When Do I Seek Feedback?
Well, that sort of depends on the author and what they’re writing. Some would prefer to not show anyone their work until it’s in a completed (at least first draft) state. Others look for a little help while still early in writing to make sure their on the right track. I’m strongly in the first camp and would rather not show anyone anything until I’ve at least gotten it all out of my head. Being in the MFA program, that’s not an option. We have to hand in assignments that are bits and pieces and scenes from of thesis novels on the regular. I get it, I’m committed to it, so cool whatever. I’ll deal.
But, those authors who are not required to show their work to others and are uncomfortable doing so until it’s in a semi-finished state should NOT do so.
Personal opinion, yes, but based on real life experience. Here’s the thing, when you’re writing a first draft of something, all you’re really doing is transferring the story from you head to your hand to a piece of paper. That’s it. You get into the flow, into the zone, and just run with it. The words fall out and everything rocks and pretty soon you look up and it’s three hours later. You’re 5,000 words deeper into your story and there a moment of relief. You can breath. The story isn’t choking you anymore. It’s a beautiful Zen thing very akin to the aftermath of a killer orgasm.
That whole system can be burned to the ground by too much interference from the outside. Your story dies, uncompleted due to fear, anxiety, and a subconscious urge to do better, please someone, or throw yourself down a set of stairs.

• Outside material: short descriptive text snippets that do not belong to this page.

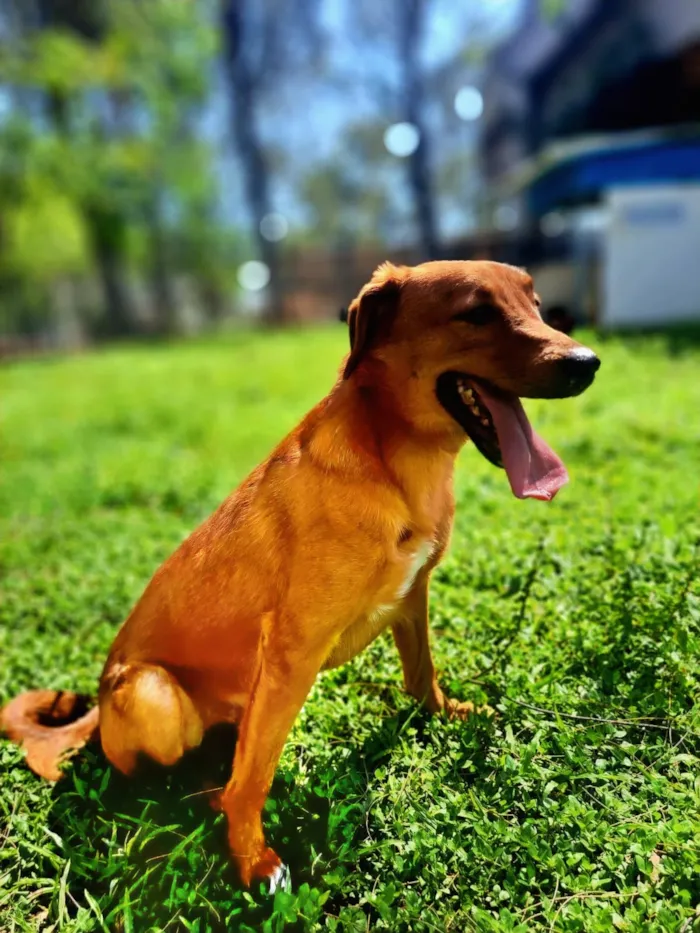 Cachorro raça SRD-ViraLata idade 2 anos nome Joaquim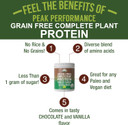Organic Paleo Grain Free Plant Based Raw Vegan Protein Powder. Amazing Amino Acid Profile And Less Than 1G Of Sugar. With Hemp And Pea Protein Chocolate Flavored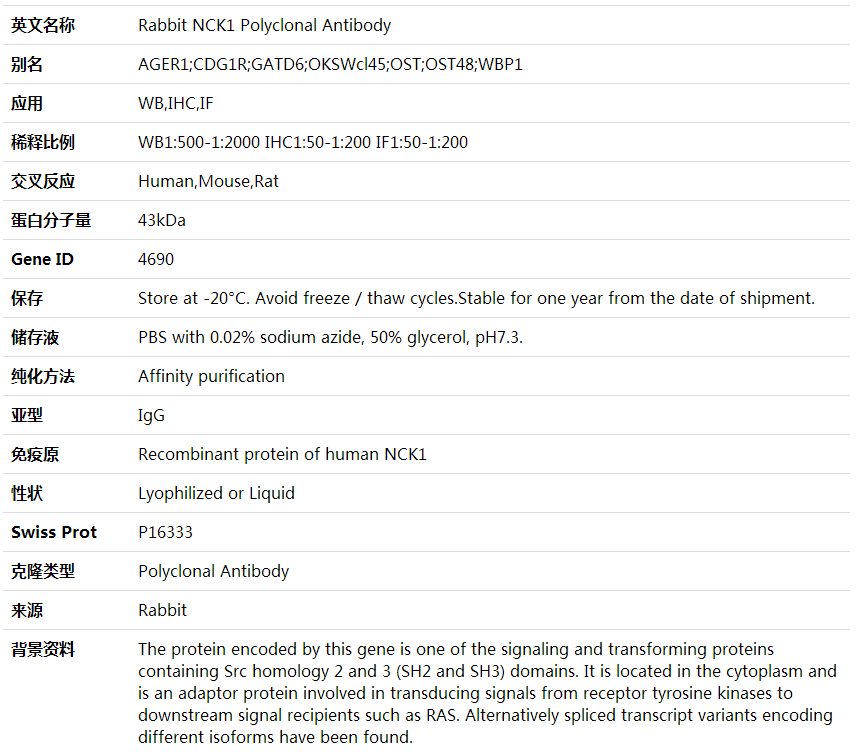 Anti-NCK1 Polyclonal Antibody,索莱宝,K001801P-100ul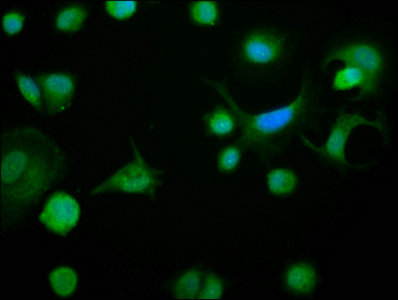 Bcl2L1 Polyclonal Antibody - image 5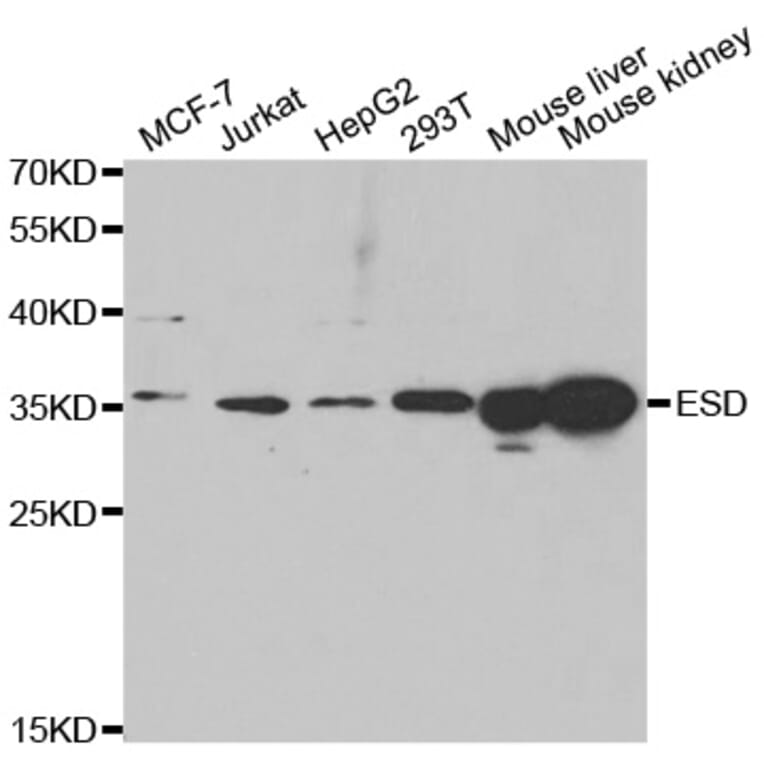 Western blot - ESD antibody from Signalway Antibody (38761) - Antibodies.com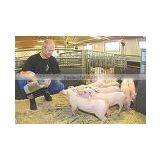 Feed Grade Concentrated Soya Protein thumbnail-1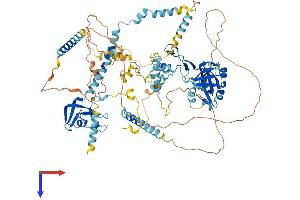 MCM10 Protein (AA 1-875) (His tag)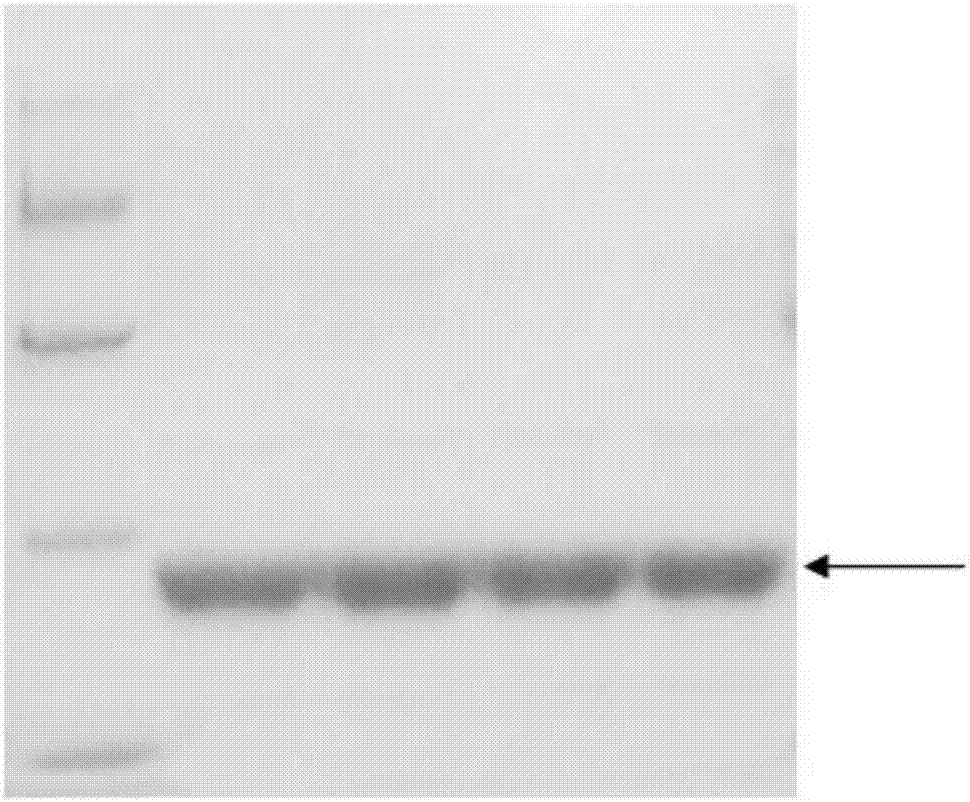 Antitumor recombinant protein IFTI, coding gene and applications thereof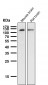 Anti-USP11 Monoclonal Antibody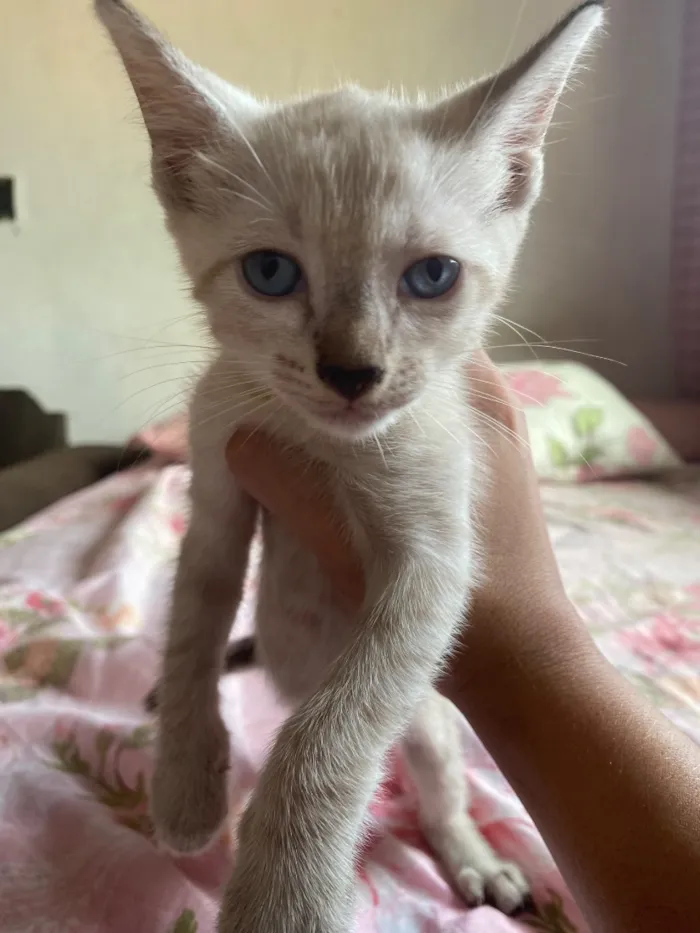 Gato raça SRD-ViraLata idade 2 a 6 meses nome Sem nome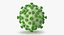 13 virus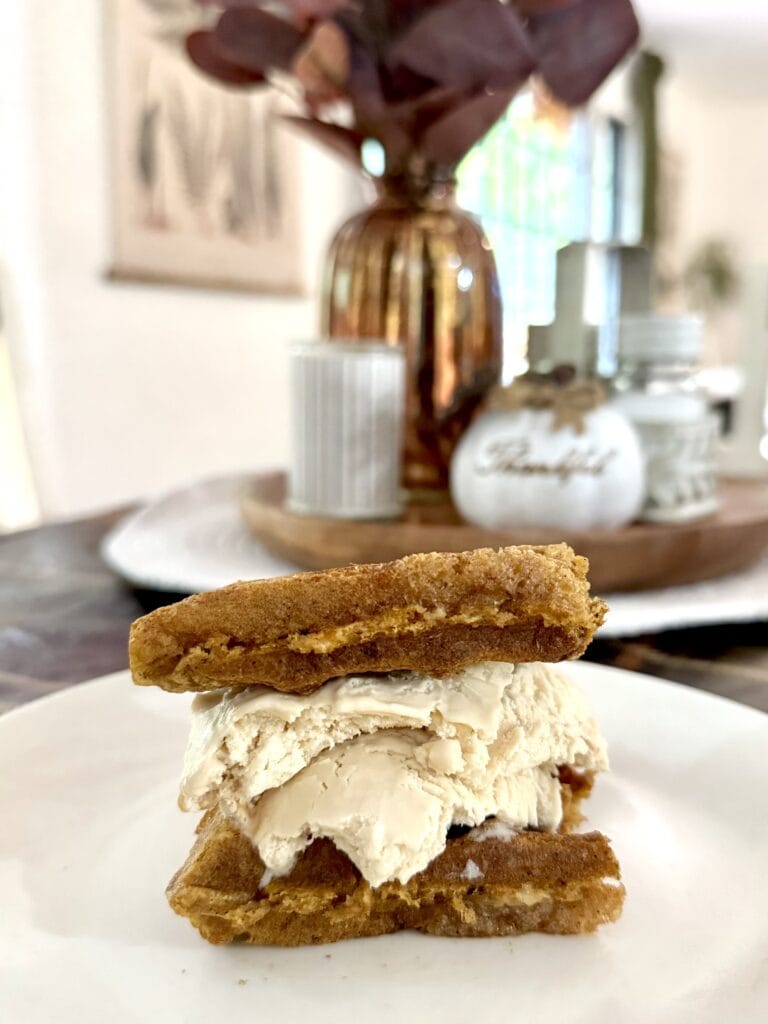 Pumpkin protein waffle ice cream sandwich with dairy-free vanilla ice cream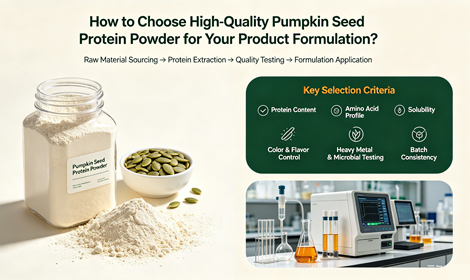 How to Choose High-Quality Pumpkin Seed Protein Powder for Your Product Formulation?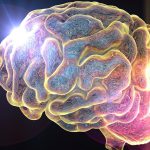 Pitt Brain Tumor Expert Awarded Prestigious Research Grant
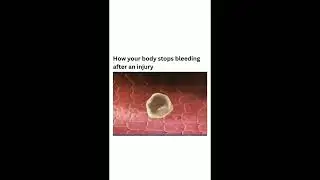 Why How your body stops bleeding after an injury Has Just Gone Viral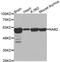 NAB2 antibody, LS-C332023, Lifespan Biosciences, Western Blot image 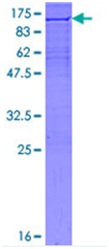 SDS-PAGE - Recombinant Human XRCC1 protein (GST tag N-Terminus) (AB131742)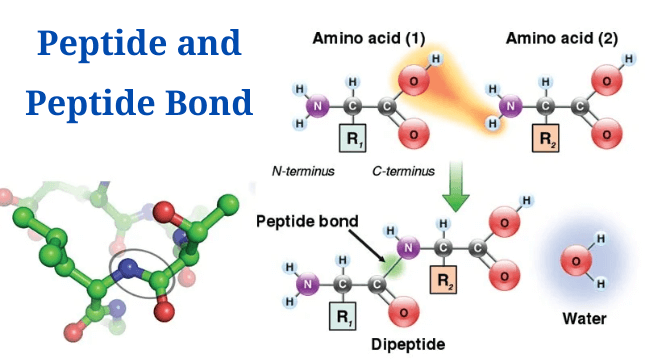 What is Peptide Bond? Definition, Formation, Examples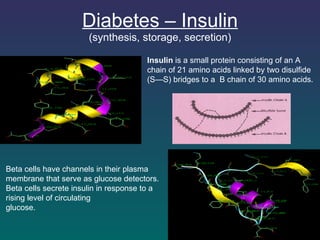Diabetes – Insulin (synthesis, storage, secretion) Insulin  is a small protein consisting of an  A  chain of 21 amino acids linked by two disulfide (S—S) bridges to a   B  chain of 30 amino acids. Beta cells have channels in their plasma membrane that serve as glucose detectors. Beta cells secrete insulin in response to a rising level of circulating glucose .   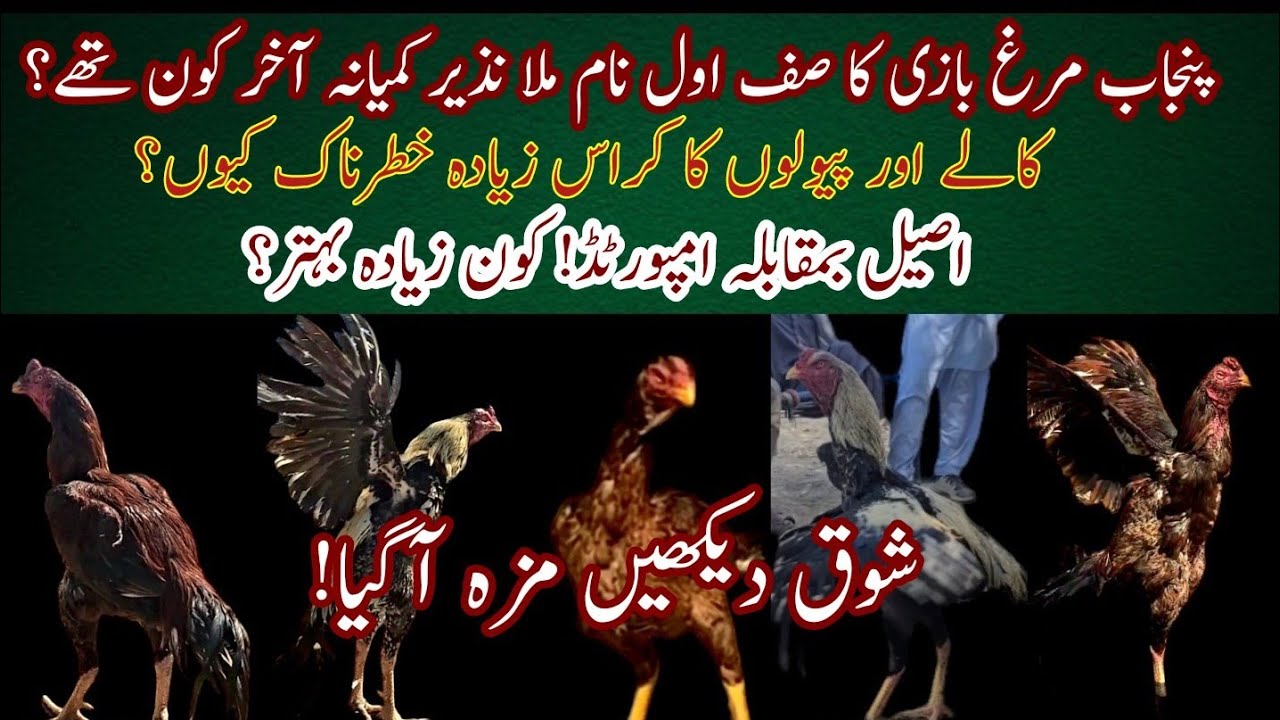 Who was Mullah Nazir Kamyana? Punjab Aseel Murghbaazi Ka Sab se Bara Naam| #aseel #aseelmurga #viral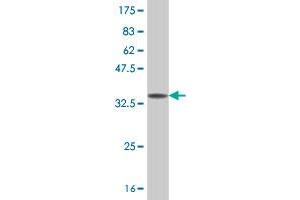 Western Blot detection against Immunogen (37. (SPO11 antibody  (AA 291-395))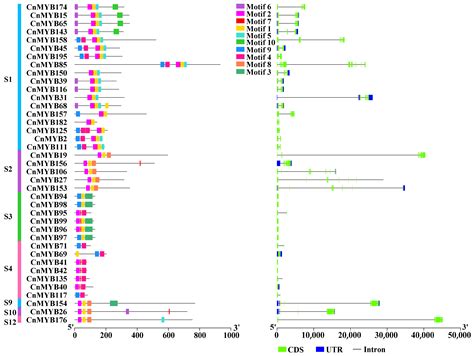 Genome-Wide Identification and Expression Analysis of MYB Transcription ...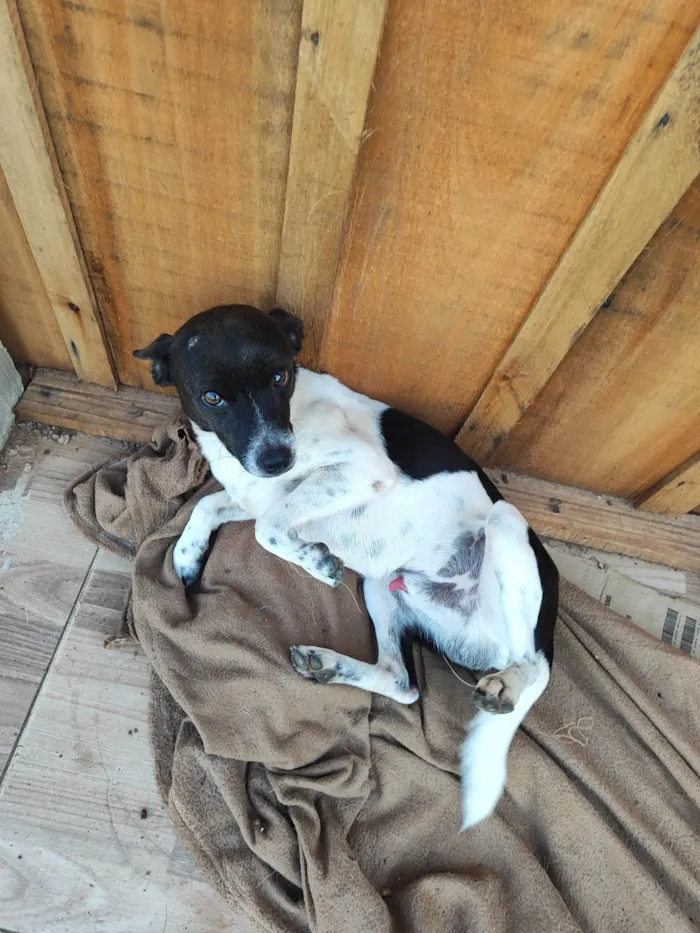 Cachorro ra a SRD-ViraLata idade 2 anos nome Bobi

A Writer’s Biggest Opponent is Self-Doubt
Now, if you’re okay with other’s seeing your work before it’s done, at least pieces of it, they can be a great big help beside just pointing out typos and misuse of the word “tug.” There’s a couple of moments that a professor gave me some insight that I hadn’t thought of, or a fellow student. One person even gave me a whole answer that I would have never seen on my own. Because I’m being forced out of my comfort zone by seeking feedback before my work is done, I’ve been able to use some of the examples and avenues brought to my attention by said interactions. Cool, win-win.
An author should always look for feedback after the first draft, then the second draft, and even the third.
All that information you receive from readers, editors, teachers, students, the neighbors, whomever; that’s all information that could possibly make your work better. If people are taking the time to read your book, then most of them genuinely want to help you and your story. Some of it may not be super helpful or specific. In that case, you can always ask questions of the reader. But what do you do when the feedback you’re receiving is all negative? Well, if it happens at the wrong time, self-doubt steps in and ruins everything. Pretty soon you’ll find yourself second guessing instead of being inspired, going back through what you’ve already written instead of adding to it, and losing all forward momentum. Believe me, I’ve been there. It’s a terrible black place that smells like half-eaten egg sandwiches and cat litter.